_Your objective_
Wherever the line that contains "woman doing yoga at home" falls, repeat it and the lines after it exactly until the records end, without any pictures.
[Material shown Boundary: Start]
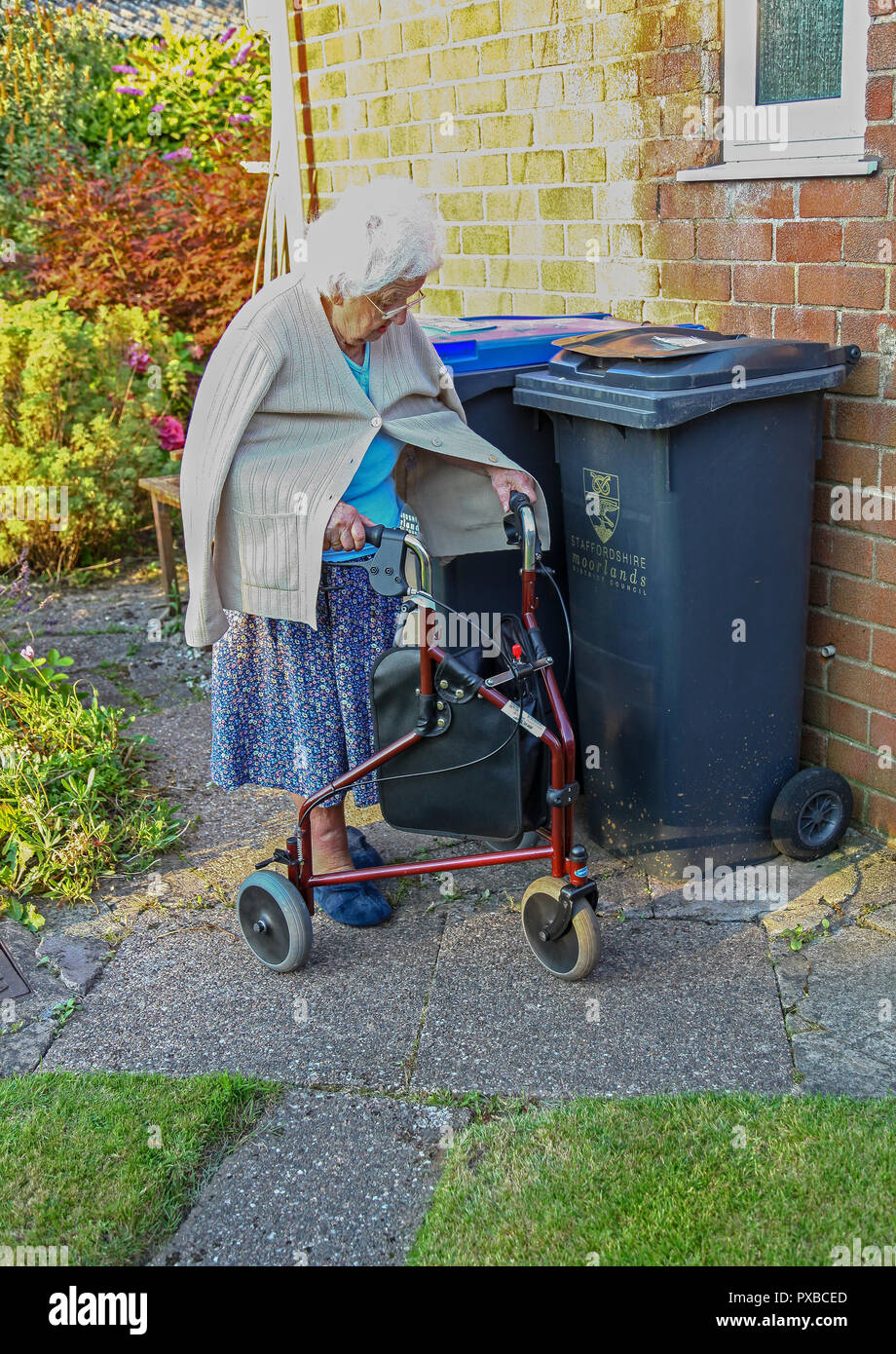 Une vieille femme marchant a l aide d un chariot a roues 3 poussette 3 roues aide a la marche ou 3 roues walker England UK Photo Stock Alamy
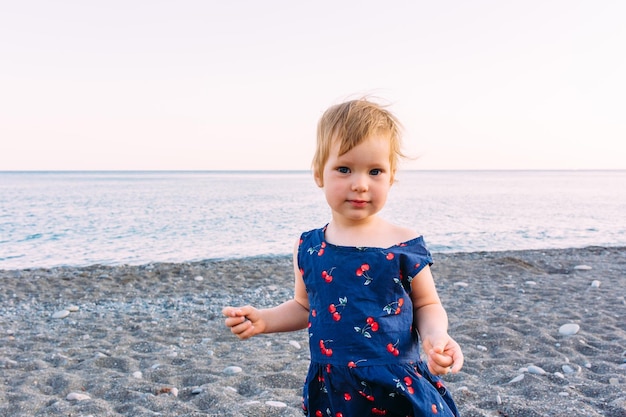 Petite fille enfant mignonne jouant au bord de la mer en été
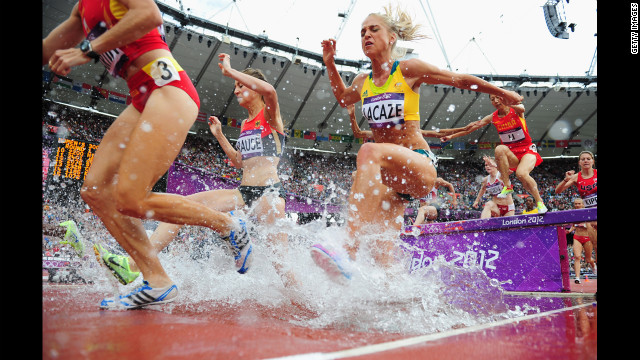 Runners compete in a women's 3000-meter steeplechase heat at Olympic Stadium.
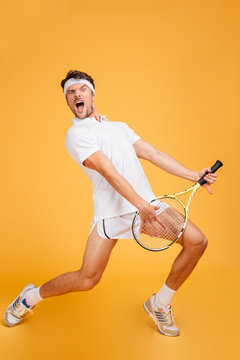 Man tennis player with racket singing and imitating playing guitar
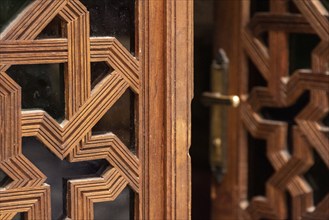 Rich decorated door in an Arab palace in Marrakech, Morocco, Africa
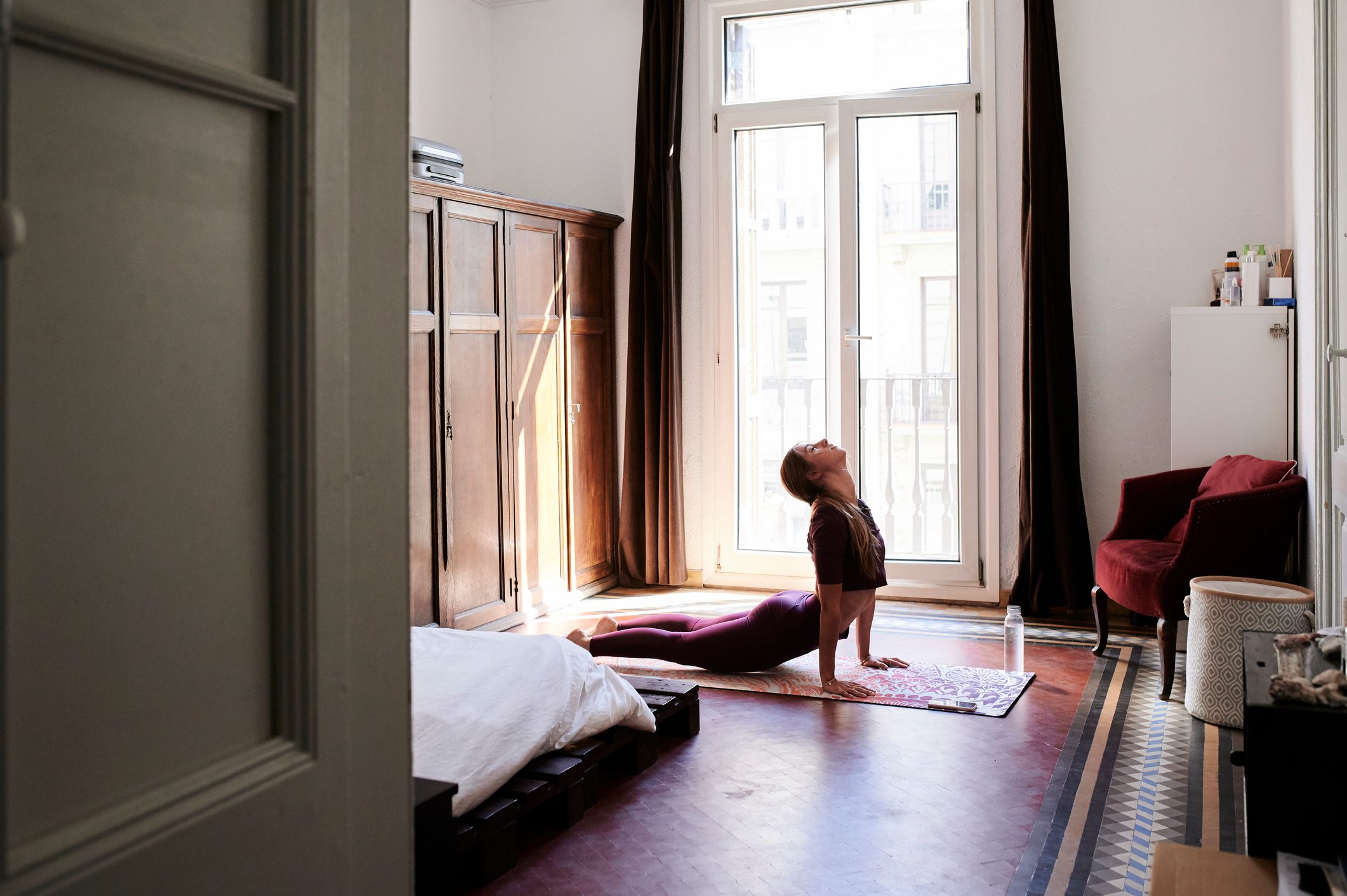 woman doing yoga at home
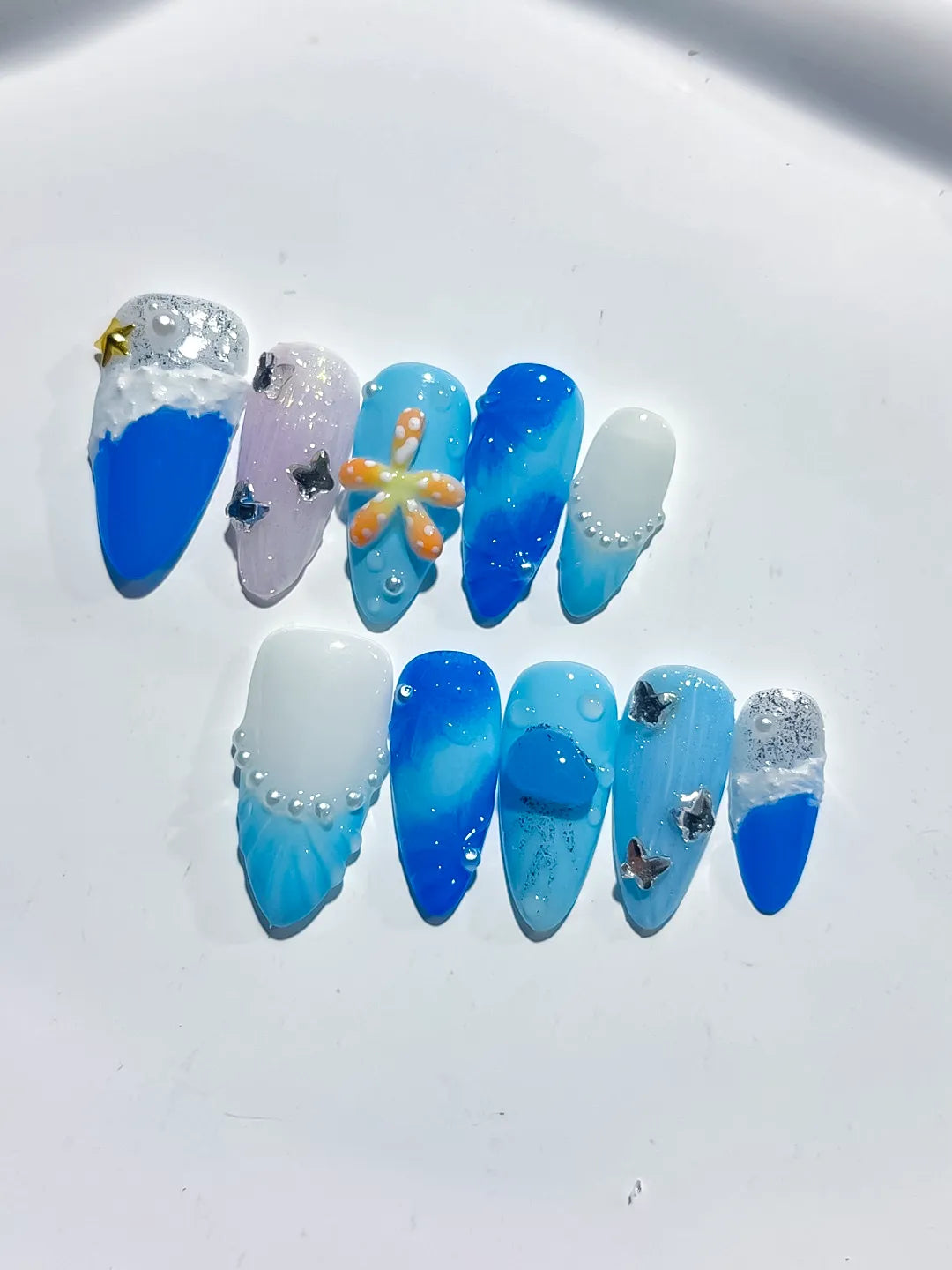 Blue White Silver Glitter Flower Star Shell press on nails close up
[Material shown Boundary: End]
_Final answer_
 woman doing yoga at home
 Blue White Silver Glitter Flower Star Shell press on nails close up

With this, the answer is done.